Talking to your computer has been a staple of science fiction since at least the 1960s, but it looks as if it’s finally coming within reach. This week saw the release of the first speech recognition software capable of handling continuous speech without the user having to train it in advance, namely Nuance’s Dragon Naturally Speaking (DNS) version 9. For anyone else who tried IBM ViaVoice or Dragon Dictate a few years ago, found it awkward to get the system used to your voice, and even more awkward to speak in a staccato word-by-word fashion, this is a huge leap forward.
I don’t think it is the “first speech recognition software capable of handling continuous speech without the user having to train it in advance.” Sphinx (http://cmusphinx.sourceforge.net/html/cmusphinx.php) doesn’t really use training (although you can) and has been around for a long time (decade?). Perhaps they meant the first commercial or consumer software package, but it is definitely not the first software.
As my friend who uses Sphinx on a robot noted, “you can get near 100% accuracy with Sphinx4 if you use a JSGF finite state grammar and are in quiet conditions and/or have a good mic close to your mouth.” That said, Sphinx is usually limited to a small vocabulary (< 100 words), so this new software might be better at larger sets of words.
Sphinx relies on limited domain of discourse to reduce the difficulty of the task. It’s not just that it’s a small vocabulary, but that it has task specific grammar to use.
If you want to have fun with Sphinx or similar systems, call a voicemail system that uses it and ask it about something relevant but unrelated — like ask the bus kiosk how the weather is.
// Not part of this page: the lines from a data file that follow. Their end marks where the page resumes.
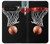 S0066 Basketball Case For Google Pixel 10 Pro XL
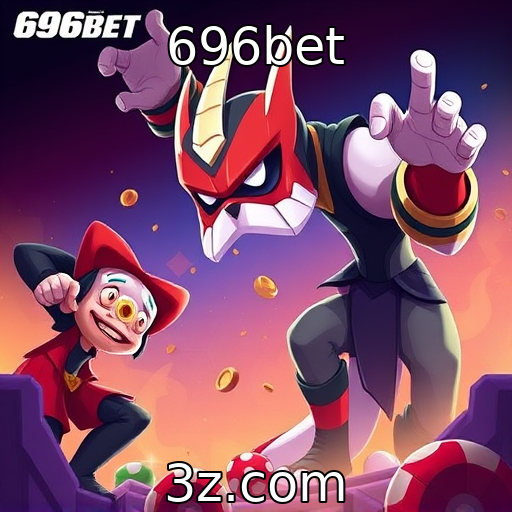 Desafios enfrentados pelos desenvolvedores de jogos atualmente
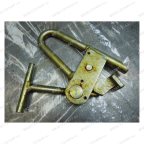  MT-290/701 Рукоятка мни (0)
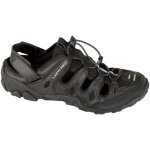 Lahti pro - sandals de men's work l30607, slip - resistant, rubber sole, open heel, footwear, black and ...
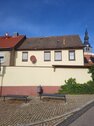 Foto - Einfamilienhaus mit 95,00 m² in Bad Frankenhausen/Kyffhäuser zum Kaufen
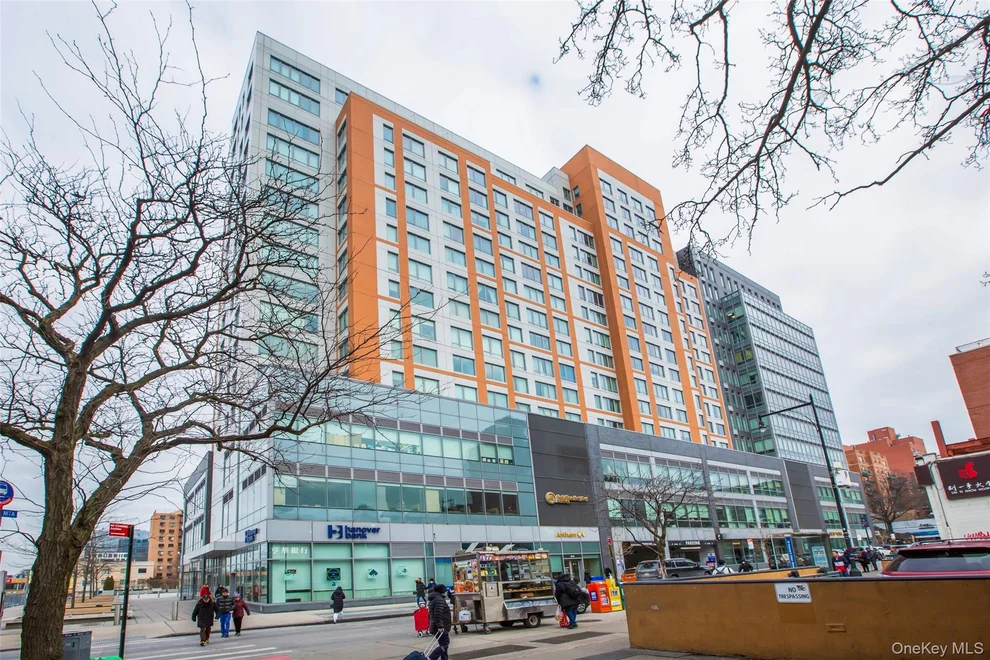 Unit for sale at 138-35 39th Avenue, New York, NY 11354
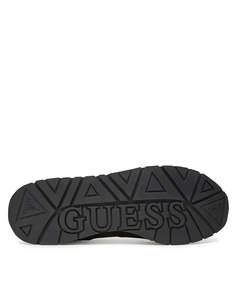 GUESS TRESA INCALTAMINTE DE BARBATI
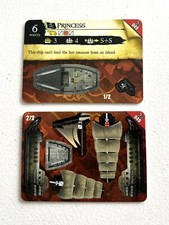 Pirates Constructible Strategy Game - Pirates...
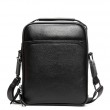 Сумка Чоловіча Планшет зі шт.-шкіри PODIUM 3002-1 black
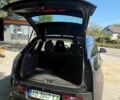 БМВ И3, объемом двигателя 0 л и пробегом 79 тыс. км за 11500 $, фото 16 на Automoto.ua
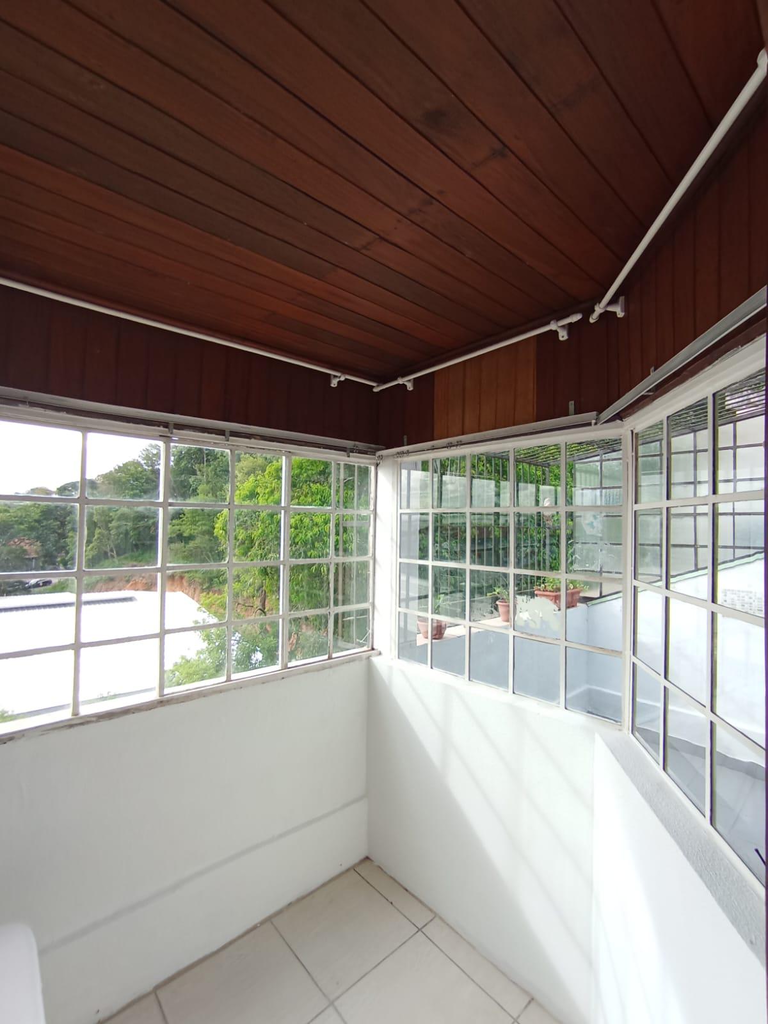 Cobertura, 2 quartos, 75 m² - Foto 12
viavoice and dragondictate both do continuous speech recognition now, but require training to get efficiency up to usable.
i would have to try dragon 9 before i would believe that it has a high recognition rate without training. that’s a very difficult problem.
however, i’ve had reasonably good luck with both dragon and viavoice, after careful training.
neither works well for programming, though.
Tried DNS 8 a few months ago, and as soon as I would speak, CPU usage would go up to 99% and my computer would grind to a halt, this on a P4 2.8ghz w/512MB of RAM. It was hard to tell how accurate it was, as having to speak one sentence at a time and then having to wait for 30 seconds or so for the results was more trouble than it was worth.
I’m desperate looking for a way to get text from a printed book onto a computer. I tried one of those OCR pen scanners (C-pen 800), and I guess I can’t scan in a straight line or something, because that thing didn’t work for sh*t.
I’d gladly pay $1,000 or more for a workable solution.
Edited 2006-07-22 02:28
Buy a copy of the book you can affort to destroy. remove it from its binding. Get a decent OCR program and a flat bed scanner. Train the scanner for the fonts used in the book.
If you have to do this with multiple books, find a library that has a copy machine designed for copying from bound material, and use it to make copies of the pages you need to scan.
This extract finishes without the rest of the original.